SACKVILLE, N.B. – RCMP are stepping up their enforcement on two traffic offences that are causing concern in the local area.
Const. John Depow of the Sackville RCMP said tinted windows and covered license plates on vehicles have become fairly prevalent, both locally and across the province, despite being offences under the New Brunswick Motor Vehicle Act.
He said he’s been lenient over the past few months on these violations, trying to educate motorists on this issue, by either giving warnings or voiding tickets when motorists have shown proof they’ve removed the tint from their windows or their covers from their license plates. But he plans to soon start ticketing drivers for these infractions.

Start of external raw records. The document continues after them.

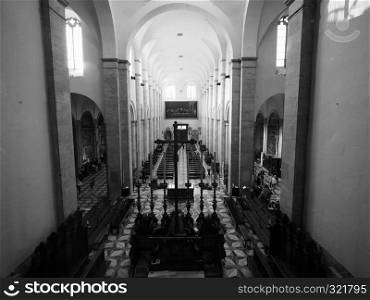 TURIN, ITALY - CIRCA OCTOBER 2018: Cappella della Sindone meaning Holy Shroud chapel at Turin Cathedral in black and white. Cappella della Sindone in Turin in black and white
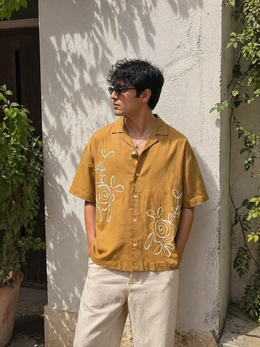 Mustard Laple Collar Half Sleeve Embroidered Cotton Casual Men's Shirt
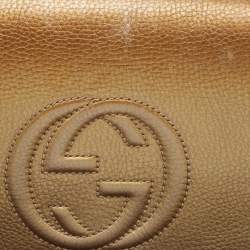Gucci Gold Ombre Leather Soho Tassel Clutch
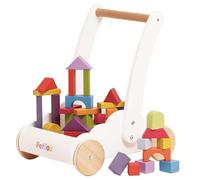 Le Toy Van - PL102 - Gioco educativo carrello primi passi multiattività per bambini, 1 anno, con scomparto 45 blocchi in legno, Montessori, girello, ecologico, riconoscimento forme e colori, Petilou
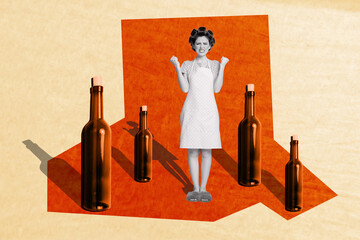 Composite photo collage of angry woman housemaid after-party trash bottle house cleaning hold duty isolated on painted background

In relation to tinted windows, the Motor Vehicle Act states: “No person shall operate on a highway a motor vehicle on which the front windshield or the side windows to the right or the left of the driver, have been treated, coated or covered with a colour spray or other coloured material or any opaque or reflective material in such a manner as to obstruct the driver’s clear view of the highway or any intersecting highway.”
Plastic plate covers, as well as the license plate frames that go around the edge of the plate, are also illegal, as they can obscure the letters and numbers on a plate. License plates are supposed to be clearly visible and in a condition to be clearly legible to a person on the highway in front or in rear of the vehicle.
Depow said if something were to happen, such as a hit and run, where someone is injured or killed, a possible witness or witnesses may not be able to get the plate number of the involved vehicle because it was obscured and not clearly legible. Or if someone in a vehicle was attempting to abduct a child, for instance, and the plate wasn’t legible, it would make it much more difficult to find them.
Tinted windows are a problem for a similar reasons, in that it impedes witnesses from identifying the driver of the vehicle who may have committed the same sort of offences, which can make it difficult or impossible to lay a charge, said Depow.
He also pointed out that it’s a problem for police officers when they can not see into the vehicles because it prevents them from seeing if a driver is wearing their seatbelt, using a cellphone, or if any of the occupants may have some kind of weapon in their possession.
Depow said most vehicles now come with factory tint on them that is close to or right at the legal limit, so any material that is put on afterwards will put them over the legal limit - so it is recommended not to add any material to the front or side windows.